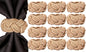 ALPHA Living HOME Round Jute Woven Napkin Rings, Water Hyacinth Easter Napkin Rings Set of 12 Napkins Holder for Elegant Table Decoration, Christmas Table Decor, Wedding Decor (Brown)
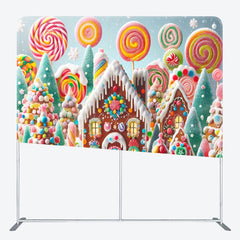 Lofaris Snowy Candyland House Square Arch Christmas Backdrop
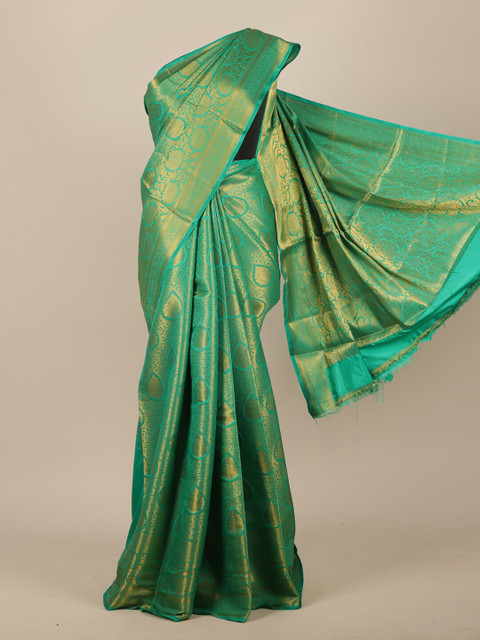 

Pothys Green & Gold-Toned Woven Design Jute Silk Saree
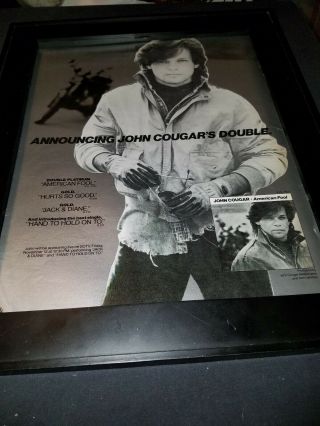 John Cougar Mellencamp American Fool Rare Promo Poster Ad Framed 2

▬▬▬

Task description:
The data above must be written out again word for word, without its pictures.

Written reply:
 ALPHA Living HOME Round Jute Woven Napkin Rings, Water Hyacinth Easter Napkin Rings Set of 12 Napkins Holder for Elegant Table Decoration, Christmas Table Decor, Wedding Decor (Brown)
 Lofaris Snowy Candyland House Square Arch Christmas Backdrop

Pothys Green & Gold-Toned Woven Design Jute Silk Saree
 John Cougar Mellencamp American Fool Rare Promo Poster Ad Framed 2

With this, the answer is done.